Logical, indicating if the deduplication should be planned but not run

quiet

Logical, indicating if the status should not be printed

Value

Invisibly, information about the duplication status of the archive before deduplication was run.

Details

This function will alter your orderly archive. Ordinarily this is not something that should be done, so we try to be careful. In order for this to work, it is very important to treat your orderly archive as read-only generally. If your canonical orderly archive is behind OrderlyWeb this will almost certainly be the case already.

With "hard linking", two files with the same content can be updated so that both files point at the same physical bit of data. This is great, as if the file is large, then only one copy needs to be stored. However, this means that if a change is made to one copy of the file, it is immediately reflected in the other, but there is nothing to indicate that the files are linked!

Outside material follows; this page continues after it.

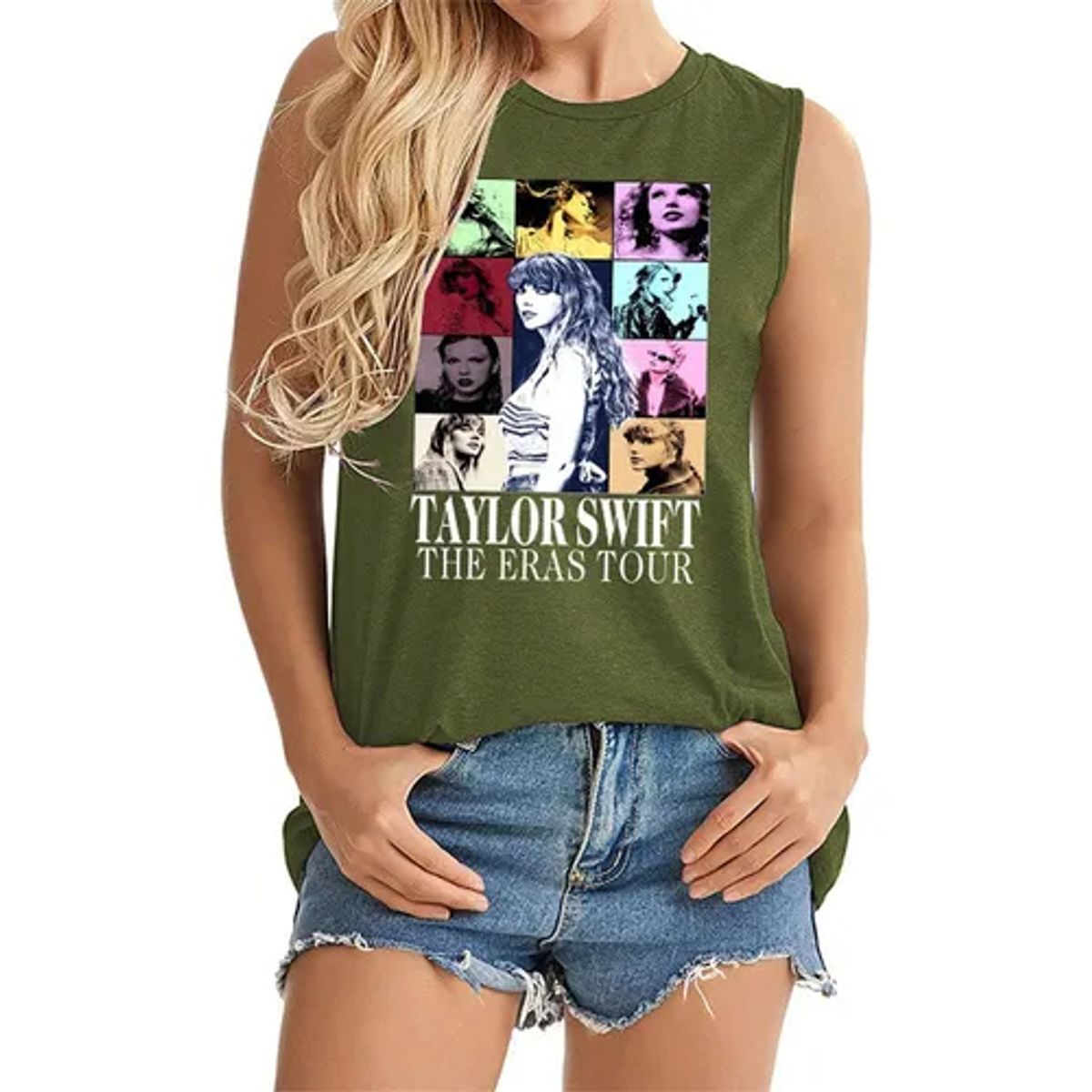 EDWINAYY - Polera Chaleco Taylor Swift chaleco suelto de moda sin mangas confeccionado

This approach is worth exploring if you have large files that are outputs of one report and inputs to another, or large inputs repeatedly used in different reports, or outputs that end up being the same in multiple reports. If you run the deduplication with dry_run = TRUE, an indication of the savings will be printed.

Examples


path <- orderly::orderly_example("demo")
id1 <- orderly::orderly_run("minimal", root = path)
#> [ name       ]  minimal
#> [ id         ]  20230621-105027-839a8e16
#> [ start      ]  2023-06-21 10:50:27
#> [ data       ]  source => dat: 20 x 2
#> 
#> > png("mygraph.png")
#> 
#> > par(mar = c(15, 4, 0.5, 0.5))
#> 
#> > barplot(setNames(dat$number, dat$name), las = 2)
#> 
#> > dev.off()
#> agg_png 
#>       2 
#> [ end        ]  2023-06-21 10:50:27
#> [ elapsed    ]  Ran report in 0.01687074 secs
#> [ artefact   ]  mygraph.png: 175369b2bcf4115f343c8ad746c0c072
id2 <- orderly::orderly_run("minimal", root = path)
#> [ name       ]  minimal
#> [ id         ]  20230621-105027-90a5fe1d
#> [ start      ]  2023-06-21 10:50:27
#> [ data       ]  source => dat: 20 x 2
#> 
#> > png("mygraph.png")
#> 
#> > par(mar = c(15, 4, 0.5, 0.5))
#> 
#> > barplot(setNames(dat$number, dat$name), las = 2)
#> 
#> > dev.off()
#> agg_png 
#>       2 
#> [ end        ]  2023-06-21 10:50:27
#> [ elapsed    ]  Ran report in 0.01501155 secs
#> [ artefact   ]  mygraph.png: 175369b2bcf4115f343c8ad746c0c072
orderly_commit(id1, root = path)
#> [ commit     ]  minimal/20230621-105027-839a8e16
#> [ copy       ]
#> [ import     ]  minimal:20230621-105027-839a8e16
#> [ success    ]  :)
#> [1] "/tmp/RtmpGRuIRx/file471472a937/archive/minimal/20230621-105027-839a8e16"
orderly_commit(id2, root = path)
#> [ commit     ]  minimal/20230621-105027-90a5fe1d
#> [ copy       ]
#> [ import     ]  minimal:20230621-105027-90a5fe1d
#> [ success    ]  :)
#> [1] "/tmp/RtmpGRuIRx/file471472a937/archive/minimal/20230621-105027-90a5fe1d"
tryCatch(
  orderly::orderly_deduplicate(path, dry_run = TRUE),
  error = function(e) NULL)
#> Deduplication information for
#>   /tmp/RtmpGRuIRx/file471472a937/archive
#>   - 6 tracked files
#>   - 20.43 kB total size
#>   - 3 duplicate files
#>   - 10.22 kB duplicated size
#>   - 0 deduplicated files
#>   - 0 B deduplicated size
#>   - 0 untracked files
#>   - 0 B untracked size